Roberts might not want to stick with the rest of these guys on this one.
Sen. Mitch McConnell's
truth-telling about the ability of the U.S. Supreme Court to destroy Obamacare even if Congress can't repeal it was basically the first honest admission by a Republican that they view the court as what it has pretty much become: a political arm of their party. That puts the court, and in particular Chief Justice John Roberts, in a bit of a political pickle: will they so blatantly side with the right on what is clearly a purely political case, and break their own precedent to do so?
It also puts them in a juridical bind, Brian Beutler argues.
Chief John Roberts, for instance, has a penchant for making naive political arguments—about racism, or money in politics—to support controversial decisions. But he can’t now, in good faith, argue that Congress will clean up the mess if his Court voids subsidies in Healthcare.gov states. He could decide that the isolated phrase "Exchange established by the State" means what it says, and, while plainly a mistake, it’s not the Court’s job to fix drafting errors. But he can’t pretend not to know that Congress has no intention of fixing it either.

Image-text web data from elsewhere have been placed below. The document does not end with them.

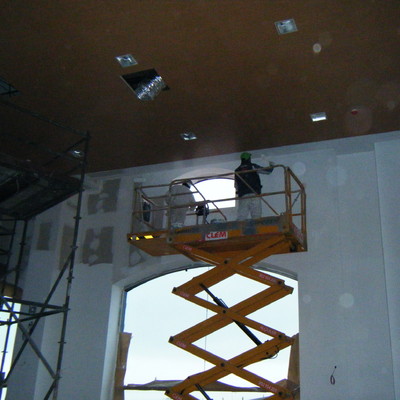 Pintura del palacio de Congresos en Ciudad Real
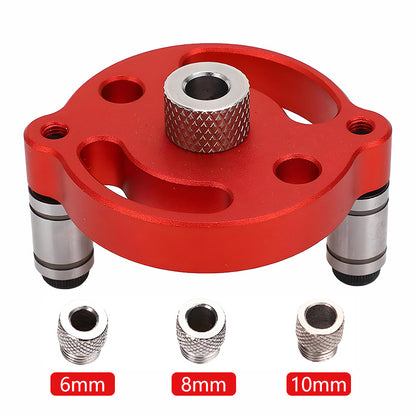🔧🪵Juego de guías autocentrantes de aluminio para taladrado preciso en carpintería, tamaños de 3 a 10 mm ✨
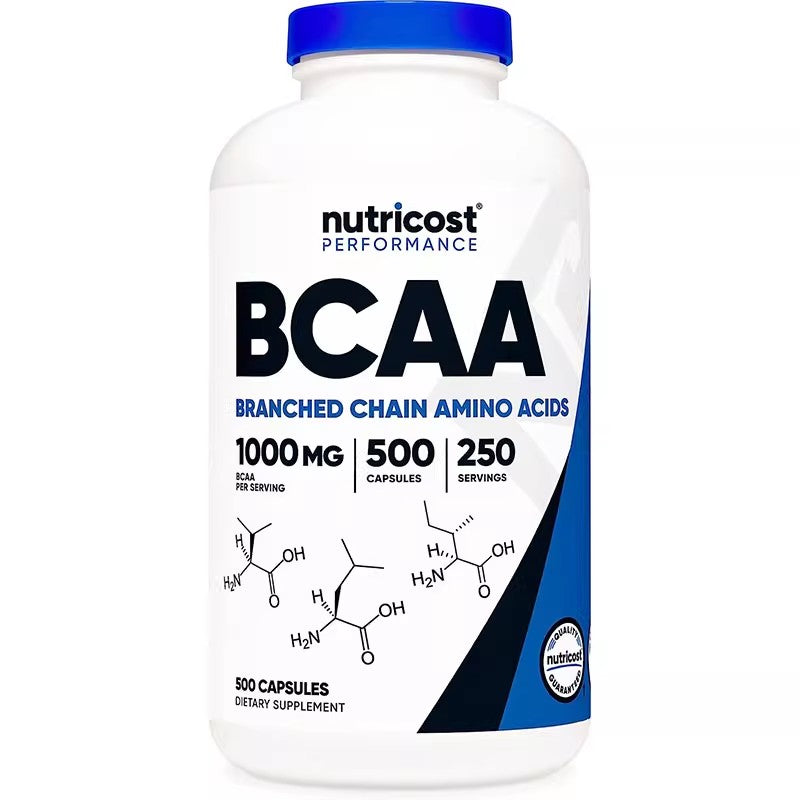 Nutricost BCAA Branched Chain Amino Acids L-Isoleucine L-Valine Capsules 500
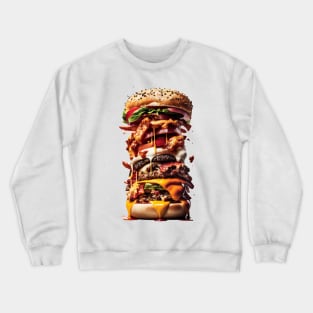 The Ultimate Hamburger Crewneck Sweatshirt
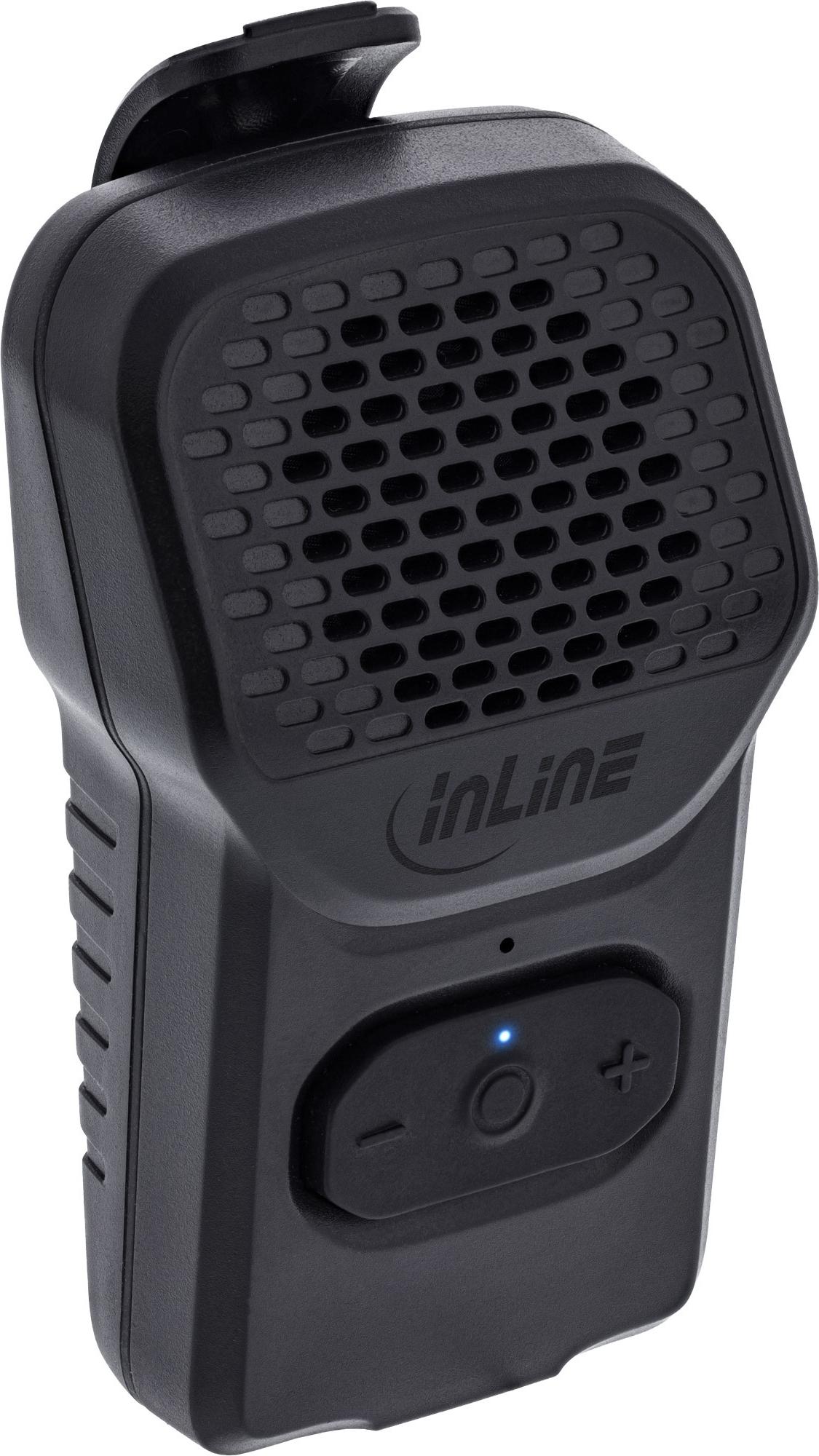 InLine® ClipTone Portable Bluetooth Speaker, Hands-Free Device (55383)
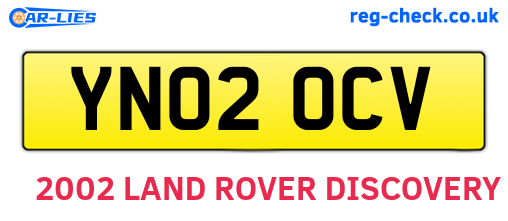YN02OCV are the vehicle registration plates.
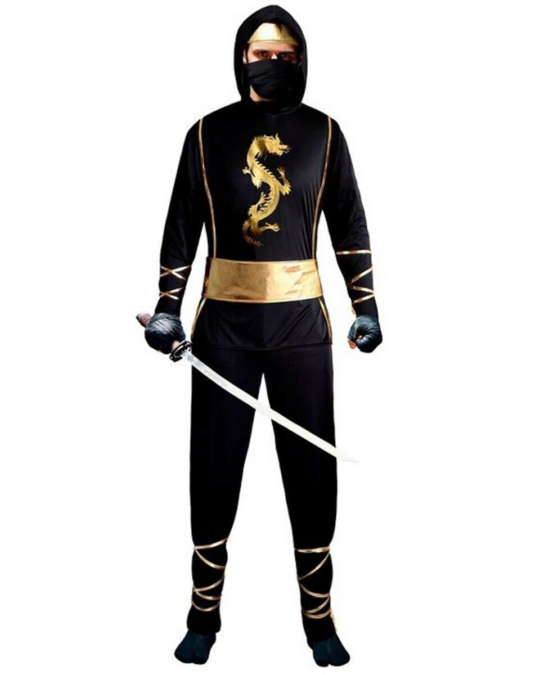 ninja male adult costume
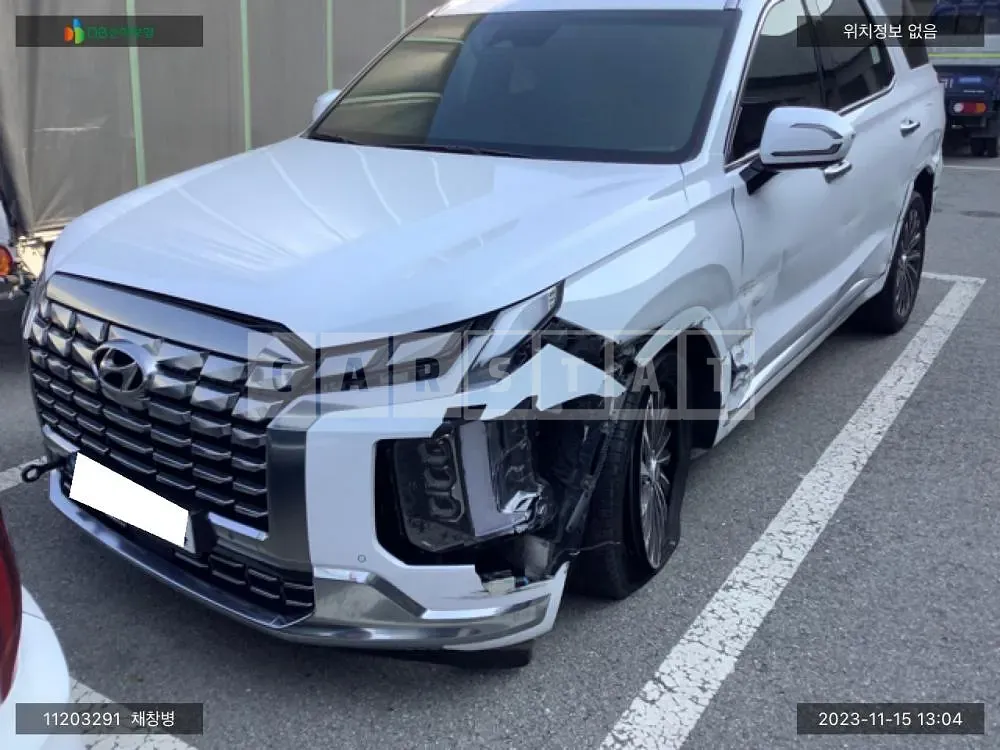 Photo 2 of 13: 2022 Hyundai Palisade, VIN KMHR581ADPU502887 — Korean insurance auction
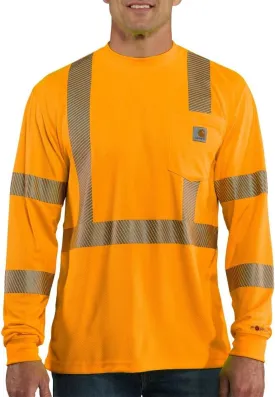 Carhartt Men's Force High-Visibility Long-Sleeve Class 3 T-Shirt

That McConnell's now publicly announcing he'll use a ruling along those lines as an "opportunity presented to us by the Supreme Court" for a "major do over" should at least make Roberts uncomfortable. The question, then, is how much does he care?
That's exactly the question. Because if he joins with the other four conservatives who are surely going to rule for the plaintiffs, he'll be responsible for taking health insurance away from millions of people. There's no question now of Congress actually amending the law, of making the technical correction to the problematic wording or coming up with any other fix. Even were some Republicans to come to the realization that millions of people who would lose their insurance are going to be very, very unhappy, there won't be enough of them salvage the law.
So this one is pretty much entirely on Roberts' head. But, as Beutler points out, he's got an easy out. "All it takes is not buying the tendentious argument that the challengers have identified the only plausible construction of the ACA. And most of the federal judges who’ve looked at this case have somehow managed to avoid this temptation."